According to Cloud, "therapeutic persuasions" have pervaded the cultural landscape to such an extent that structural and systematic disadvantage is obscured by the rhetoric of therapy. Writing in the 1990s, her analysis takes account of the shift from the period of economic stability and prosperity to the "leaner and meaner" environment of the 1980s and 1990s—of downsizing, restructuring, workforce casualization, and technological change. She argues that therapeutic consolation obfuscates corporate responsibility, as workers are encouraged to take personal responsibility for structural change. Cloud is particularly critical of such strategies, which she interprets as offering merely symbolic consolation rather than material compensation. As she argues: "The most important rhetorical feature of the therapeutic is its tendency to encourage citizens to perceive political issues, conflicts, and inequalities as personal failures subject to personal amelioration. Therapy offers consolation rather than compensation, individual adaptation rather than social change, and an experience of politics that is impoverished in its isolation from structural critique and collective action."47
Furedi similarly critiques the systematic expansion and institutionalization of counseling services targeting the unemployed and those facing redundancy. He follows Lasch and Cloud in interpreting such trends in terms of control and consolation, but he picks up on Nolan's notion of pathologization in arguing that social problems are not only individualized, but are recast as emotional deficit. In his analysis, a distinctive feature of the contemporary therapeutic society that arose in the 1970s and intensified in the 1980s was a preoccupation with individual pathology. "Stress" and "mental health" emerged, he argues, as popular and political issues that displaced attention from the political and economic realms.48
Similar concerns have been leveled at particular therapeutic cultural forms, most notably, the television talk show and the self-help book. Locating the talk show within the genre of "recovery religion," Kathleen Lowney argues that explanations of individual behavior fail to acknowledge social and structural dimensions, and instead simply focus on the psychological. As she points out: "individualizing social problems becomes necessary since it is not possible to interview 'institutional racism' but it is possible to have a provocative interview with a 'skinhead.'"49 Once the causes are individualized, Lowney argues, so are the solutions. A similar set of concerns regarding individualization and depoliticization is also directed toward therapeutic guides, psychological literature, and other "self-help fashions."50 In a scathing critique, Wendy Kaminer argues that "the notion of selfhood that emerges from recovery (the most vulgarized renditions of salvation by grace, positive thinking, and mind cure) is essentially more conducive to totalitarianism than democracy."51
These critiques resonate with Lasch's view that the therapeutic is an agent not of liberation but of capitalist enterprise and social control. In further elaborating issues also raised in Ewen's work, Aric Sigman argues that the appropriation of psychology by the media and corporate sector has led to a distortion of sound psychological principles.52 As a psychologist, his concern is primarily with the proliferation of popular therapeutic discourses rather than psychotherapy or the growth of psychology itself. Sigman levels his critique of the misappropriation of psychological knowledge at the media and publishing, a trend he argues was established in the late 1960s as self-fulfillment, happiness, and personal growth superseded the modest aspirations of a contented life and religious notions of salvation. His concern with the diffusion of pop psychology is not only that it is often based on erroneous concepts, but that the imperatives of personal growth are in themselves counterproductive, generating a disapproval and rejection of one's self in a never-ending quest for self-improvement.

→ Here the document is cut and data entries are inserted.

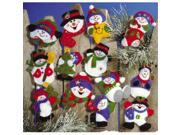 Lots Of Fun Snowmen Ornaments Felt Applique Kit 3 X4 Set Of 13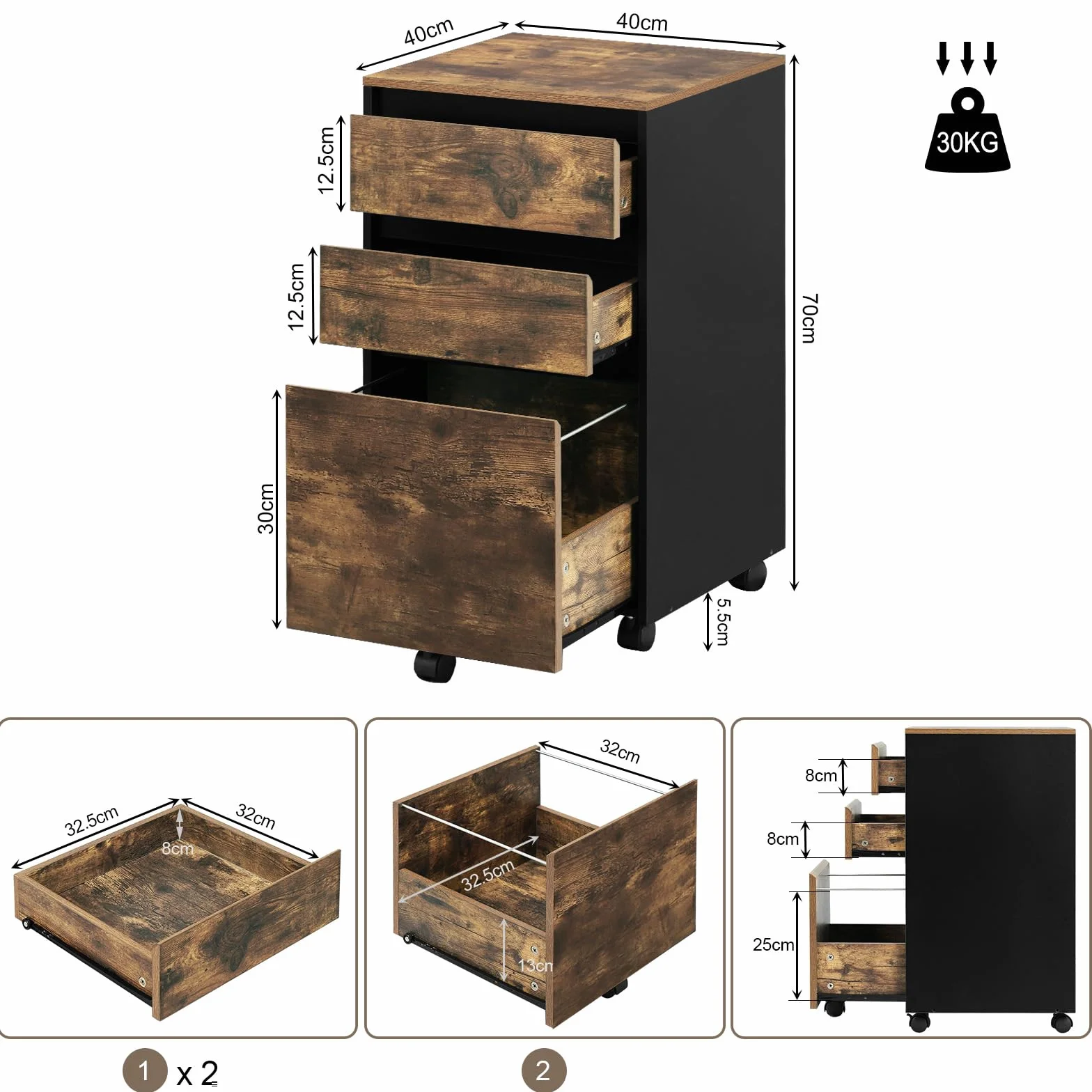 WOLTU Archivador Móvil 3 Cajones Cajonera 5 Ruedas Roble Marrón Negro 40x40x71.5 cm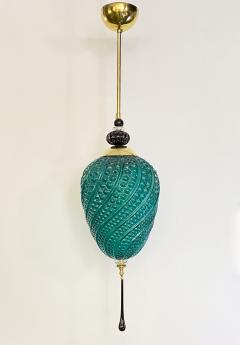Bespoke Italian Oval Black Crystal Green Murano Glass Brass Egg Pendant Light - 3155442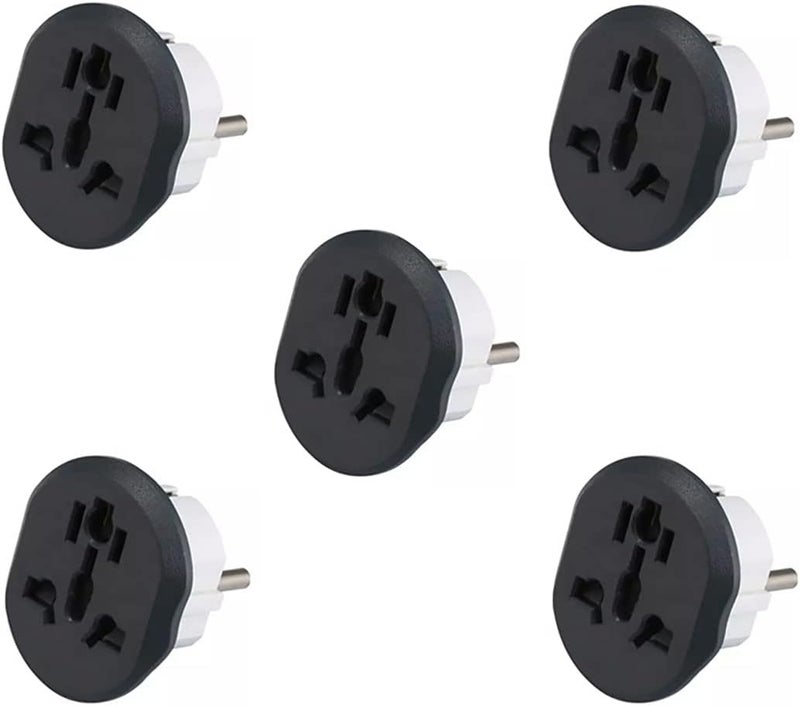 GoodTool 16A Travel Adapter for US, Australia, UK to EU Germany Electrical Outlets - Universal Plug Converter, Pack of 5 - Image 1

Sigman's condemnation of pop psychology reflects widespread concerns about therapeutic culture itself. Critiques of clinical practices of psychotherapy and counseling, however, have generally been more cautiously advanced. Cloud is quite typical in this regard, making clear that her concern "is not about what therapy does for us privately." Rather, her disquiet arises from the consequences of therapeutic discourses for politics, activism, and social change, as "therapeutic motifs at the level of cultural persuasion work against the formulation of a collective political project in the public sphere."53
In analyses such as this, therapy itself is bracketed from critical assessment whereas its wider cultural ramifications are read as pernicious. Separating therapy from its broader sociocultural impact does overcome some problems of theorizing, but it also stands as a theoretical contrivance at risk of unraveling. For therapy and the broader therapeutic culture are not so easily disentangled. Not only is therapy itself the central metaphor of therapeutic culture, but it constitutes a critical institution within the therapeutic society. Nevertheless, in recognizing personal distress and the capacity of therapy to alleviate it, Cloud's account differs from Rieff's moral objection. The opposition is grounded, rather, in objection to the wider political ramifications of the individualizing of social problems. Therapy in the private world of the individual is thus in itself not viewed as problematic, but in the public world of work and politics, therapeutic strategies and therapeutic rhetoric are to be thoroughly resisted.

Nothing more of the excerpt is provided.